- O Estado de S.Paulo
Consciente do rebuscamento do falar jurídico, desembargador traduzia tudo para o português
Nos regimes democráticos, há o julgamento público, gravado, filmado e televisionado. Uma anormalidade produz uma crise; há um acusado que, tendo o direito de defesa, promove uma disputa a qual é levada a um juiz que, num julgamento aberto e invocando a lei, fecha o processo.

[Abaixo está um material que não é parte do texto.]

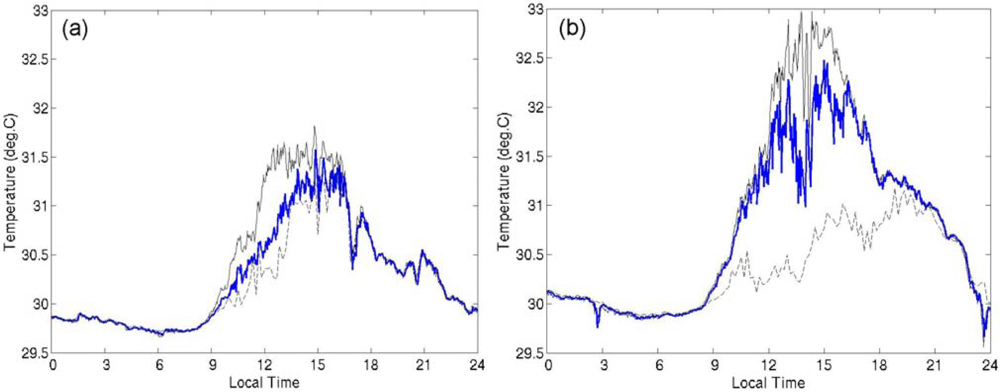Sensors 09 06119f5 1024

O antropólogo Victor Turner estudou as crises como “dramas sociais”. Os conflitos recorrentes que investigou entre os ndembu de Zâmbia levavam à segmentação e à uma indesejável perda de continuidade coletiva. Para Turner, processos agudos de disputa interna são marcados por quatro momentos interdependentes. O primeiro seria o da crise, quando comportamentos fogem das normas; o segundo é o do distúrbio por ela causada. O terceiro aciona tentativas de reparação e compensação do malfeito. Nesta etapa, entra em cena a turma do ‘deixa disso’ com o objetivo de mitigar os pontos de vista em colisão. Numa quarta e última fase, ocorreria rearranjo, concordância ou cisão. Um modificação das rotinas tradicionais ou o rompimento do grupo em duas comunidades.
Parece familiar, não?
Na ausência daquilo que o historiador inglês E. P. Thompson chamou de “the rule of law” - o domínio da lei -, são os incomodados que se mudam. Nas ditaduras, eles são presos ou eliminados como é comum nas crises sem a mediação de um juízo público englobador. Nos conflitos tribais investigados por Turner, a norma costumeira levava à bifurcação. Nas sociedades nacionais, a lei escrita e promulgada, aceita por todos e diretamente afastada dos conflitos, é invocada e pode até mesmo ser usada contra aqueles que detêm o poder - controle do contexto. O “domínio do fato”, como foi mencionado na condenação unânime e histórica do ex-presidente Lula - uma persona social dotada de um imenso “capital simbólico” para que ninguém diga que eu não gosto e não leio, além de Marx, Pierre Bourdieu.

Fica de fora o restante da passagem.